Towards Ethical Business Practice

Businessman drawing on virtual screen. business ethics concept.

Post By: Kamal Hossain Meahzi

Ethics in business practice is increasingly linked up with the sustainable economic, social, and environmental development. Unethical business practice is neither good for businesses nor for the stakeholders. In a corporation, stakeholders are employees, consumers, suppliers, banks, investors, local community, government, environment etc. If a company falls, the said stakeholders suffer badly. Their loss is considered irreparable compared to the loss that the company suffers, and it was evident after the fall of some large corporations like Enron and Maxwell in the USA and UK respectively. This article has tried to define and view business from ethical perspective and consider ethical business practice as sound commercial strategy. Lastly, some steps have been suggested for consideration by the authorities to incentivize the businesses so that they adopt meaningful ethical policies and build ethical cultures.

Ethical business practice requires an organization to adopt a holistic approach in all aspects. This approach must be led from the top. Employees must feel its presence and existence in practice. And a statement from an organization that it can be trusted is not enough. Business ethics requires an organization to earn this trust from consumers, suppliers, local community, and others who are considered stakeholders in corporate governance perspective.

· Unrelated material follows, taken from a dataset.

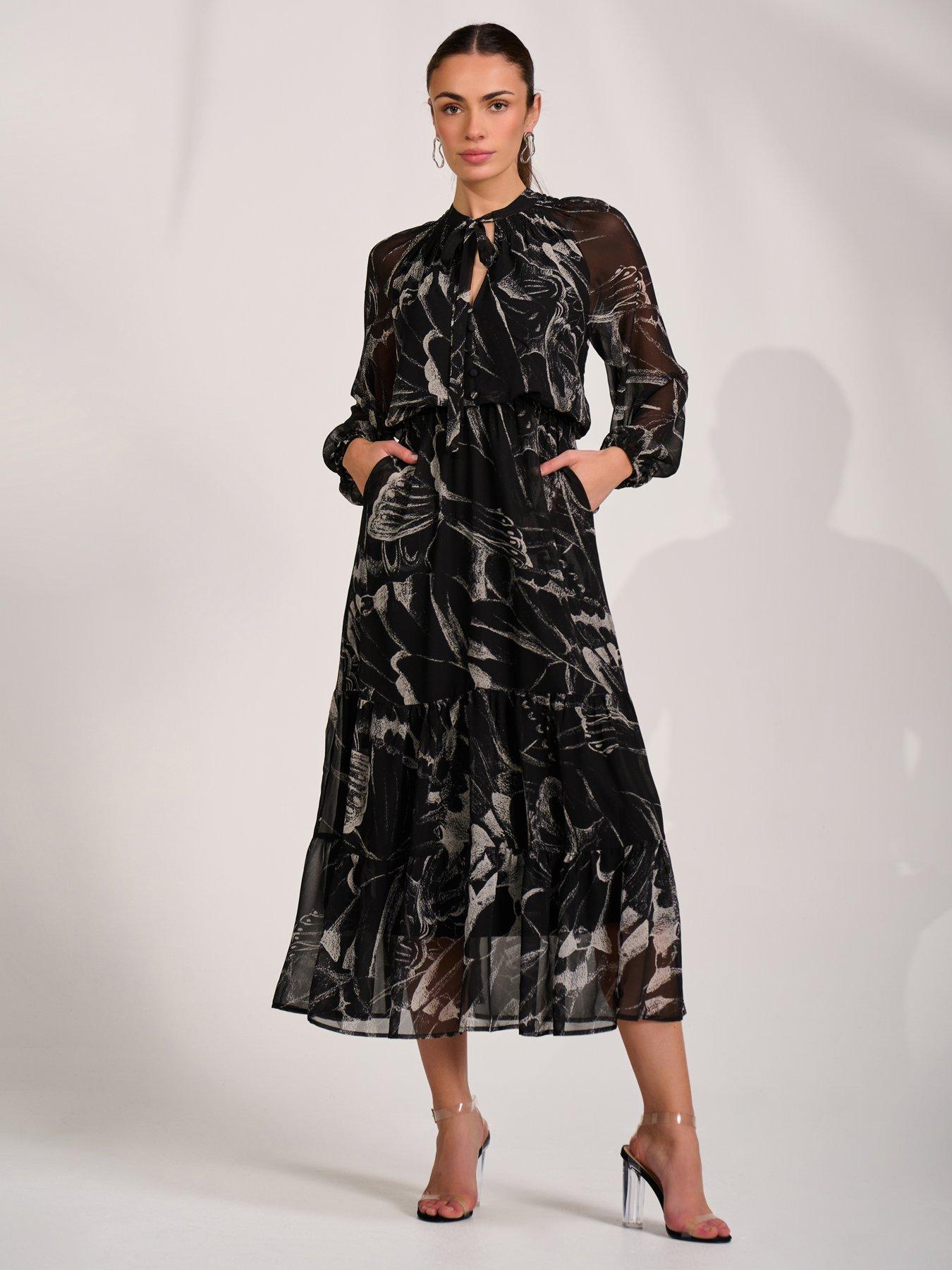 Jolie Moi Womens Chiffon Tiered Tie Neck Maxi Dress - Black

The empirical evidence suggests that the ethics in business practice is not inconsistent with making profit. It does not require the businesses to do charity. Ethics requires the businesses to earn the profit respecting and protecting interests of the stakeholders.

Ethical behavior involves deciding a right course of action in business. It is not just deciding right or wrong by expressing one’s own feelings. This is a pattern of behavior which comes from proper education, training, honesty, character and integrity.

It may be clarified by referring to a remark that Warren Buffet made while explaining how he maintains ethics in business practice. As he said, a ‘newspaper exercise’ helps him. Buffet clarified his remark saying he takes no decision if he sees he will feel uncomfortable for such decision if the same becomes public knowledge by newspaper reporting in future. His remark is simple but meaningful. It has a precise answer to the question what ethical business means.

Now, ethical considerations in business dealing have become a global concern. Ethics in business practice, to a large extent, is associated with the concept of Corporate Social Responsibility (CSR). To this end, The United Nations Global Compact has adopted Ten Principles calling upon the corporations to align their business policies, strategies, and operations with the said Principles which contain provisions on human rights, labor, environment, and anti-corruption. The other guidance recognized globally for businesses is ISO 26000:2010. An organization can adopt and set the said guidance as its objectives to improve its social responsibility and contribute to the sustainability.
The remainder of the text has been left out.